When the Small-Loss Trick is Not Enough: Multi-Label Image Classification with Noisy Labels Applied to CCTV Sewer Inspections

Keryan Chelouche,Marie Lachaize,Marine Bernard,Louise Olgiati,Remi Cuingnet
2024-10-10
Abstract:The maintenance of sewerage networks, with their millions of kilometers of pipe, heavily relies on efficient Closed-Circuit Television (CCTV) inspections. Many promising approaches based on multi-label image classification have leveraged databases of historical inspection reports to automate these inspections. However, the significant presence of label noise in these databases, although known, has not been addressed. While extensive research has explored the issue of label noise in singlelabel classification (SLC), little attention has been paid to label noise in multi-label classification (MLC). To address this, we first adapted three sample selection SLC methods (Co-teaching, CoSELFIE, and DISC) that have proven robust to label noise. Our findings revealed that sample selection based solely on the small-loss trick can handle complex label noise, but it is sub-optimal. Adapting hybrid sample selection methods to noisy MLC appeared to be a more promising approach. In light of this, we developed a novel method named MHSS (Multi-label Hybrid Sample Selection) based on CoSELFIE. Through an in-depth comparative study, we demonstrated the superior performance of our approach in dealing with both synthetic complex noise and real noise, thus contributing to the ongoing efforts towards effective automation of CCTV sewer pipe inspections.
Computer Vision and Pattern Recognition,Machine Learning
What problem does this paper attempt to address?
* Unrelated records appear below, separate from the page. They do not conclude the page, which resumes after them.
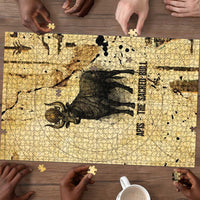 Apis Puzzle Ancient Egyptian Papyrus Map, Egyptian Crown Bull Illustration - Wonder Print Shop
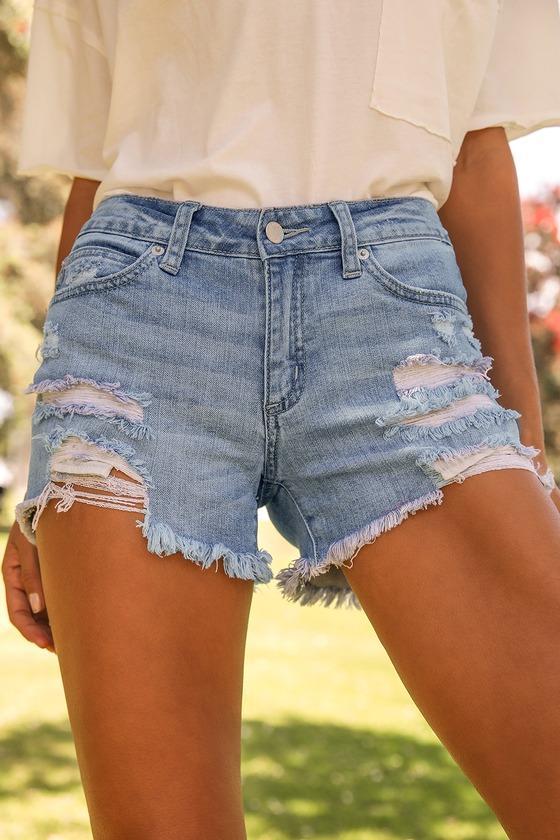 Kasenya Light Wash Mid-Rise Super Destroyed Shorts Product Image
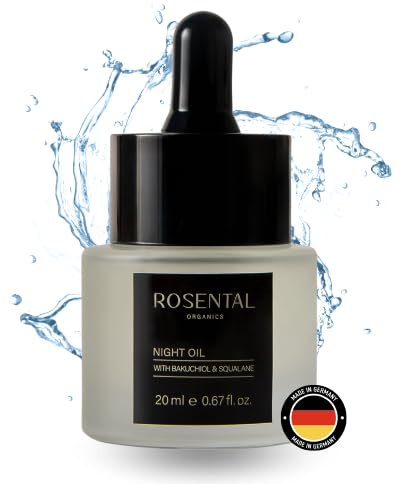 Rosental Organics Night Oil – Hydratisierendes & Beruhigendes Gesichtsöl mit Bakuchiol, Squalane & Lavendelöl für alle Hauttypen - Perfekt für Gua Sha - Made in Germany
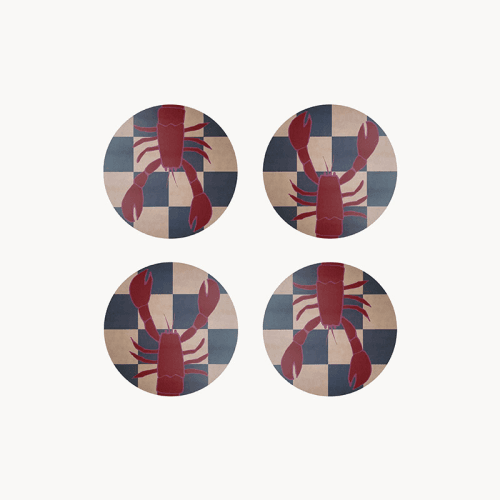 Image showing the Lobster Set of 4 Coasters, D10cm, Multi product.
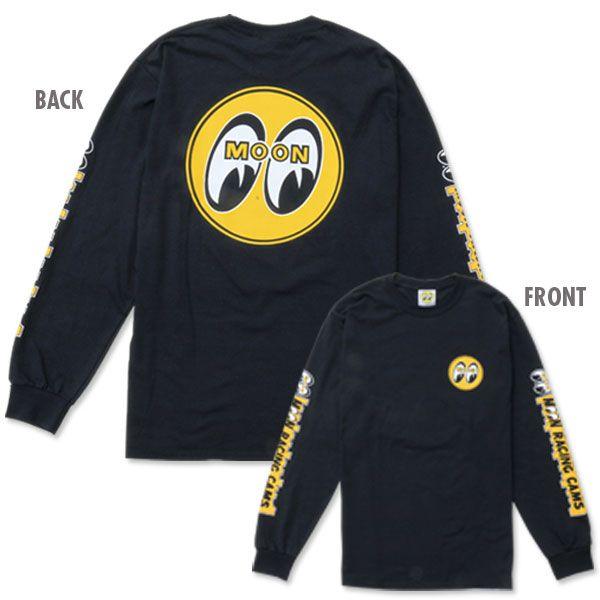 Mooneyes Black Long Sleeve T-Shirt With Moon Racing Cams Logo (MNTM112BKL) MNTM112BKL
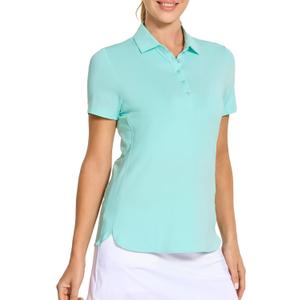 M MAELREG Womens Golf Shirt Short Sleeve 5 Buttons Quick Dry Casual Solid Moisture Wicking Tennis Polo Shirts for Women (L), Blue Light 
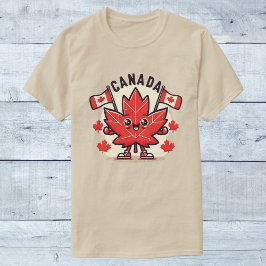 Vrolijk Canada vlag esdoorn blad T-shirt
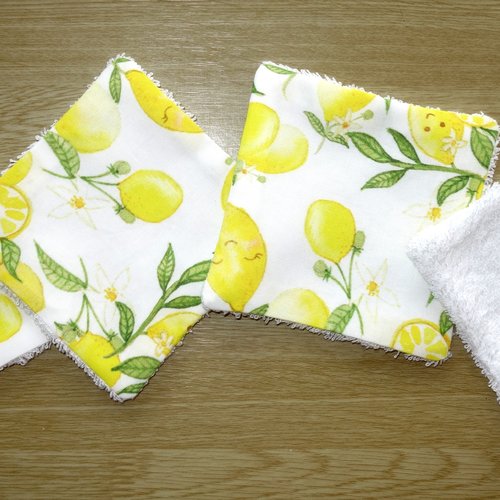 Lingettes démaquillantes lavables en coton et éponge de bambou / vendue à l'unité / femme ou bébé / fruits citrons
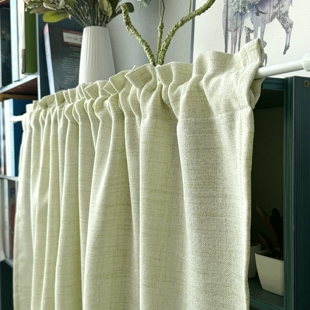 亚麻纱厨房半帘简约抹茶色日式 遮光透光成品窗帘 橱柜帘门帘法式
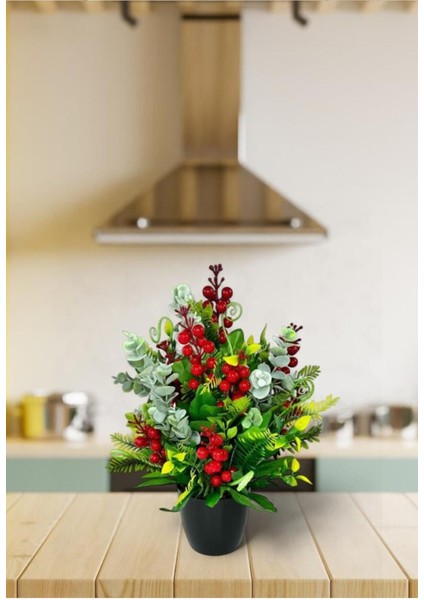 Yapay Çiçek Yılbaşı Çiçeği Kırmızı Kokina ve Pastel Şimşir Siyah Saksıda fırsatları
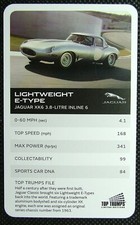 1 x info card car Lightweight E-Type Jaguar XK6 3.8 Litre Inline 6 J2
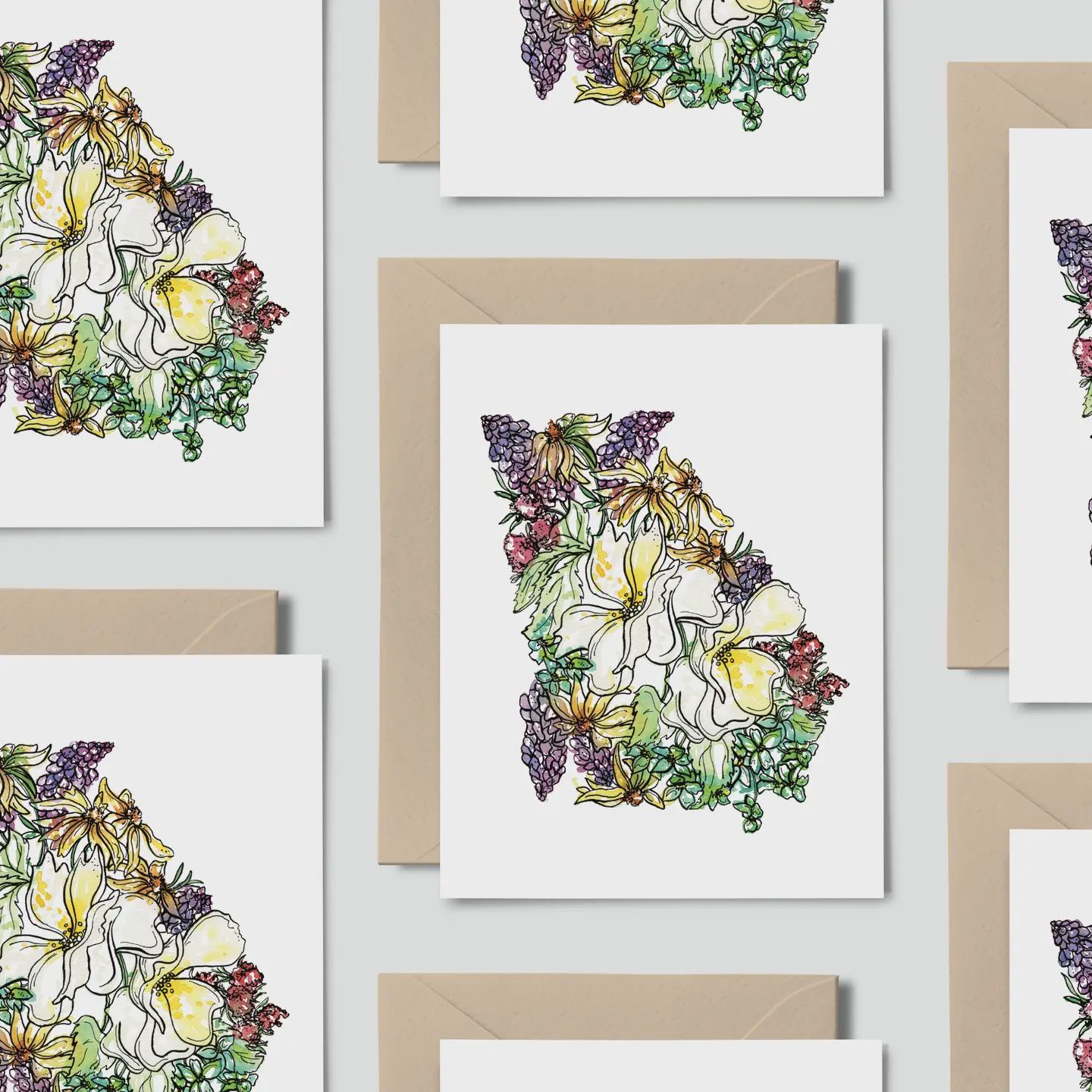 NCGA1 Georgia Note Card Stationery Set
The paper aims to address the issue of noisy labels in multi-label image classification, particularly in the application of closed-circuit television (CCTV) sewer inspections. Specifically: 1. **Background Problem**: In the process of sewer maintenance, CCTV inspection is a common method, but there are a large number of noisy labels in historical databases, which can affect the performance of supervised learning algorithms. 2. **Research Objective**: The main goal of the paper is to develop a new method to handle the problem of noisy labels in multi-label classification and apply it to the CCTV sewer inspection dataset. To achieve this goal, the authors conducted research in the following areas: - **Adaptability Assessment of Existing Methods**: First, the authors attempted to adapt three sample selection methods from single-label classification (Co-teaching, CoSELFIE, and DISC) to the multi-label classification scenario and found that relying solely on the "small-loss trick" was not effective in handling complex noise. - **Proposal of a New Method**: Based on the above assessment results, the authors proposed a new method called MHSS (Multi-label Hybrid Sample Selection), which combines the advantages of CoSELFIE and is optimized for multi-label classification. - **Experimental Validation**: Experiments on two public datasets (UcMerced and TreeSatAI) were conducted to validate the effectiveness of the MHSS method, especially in scenarios with complex noise injection. In summary, the paper significantly improves the performance of multi-label classification on severely noisy datasets by proposing a new multi-label sample selection method, MHSS.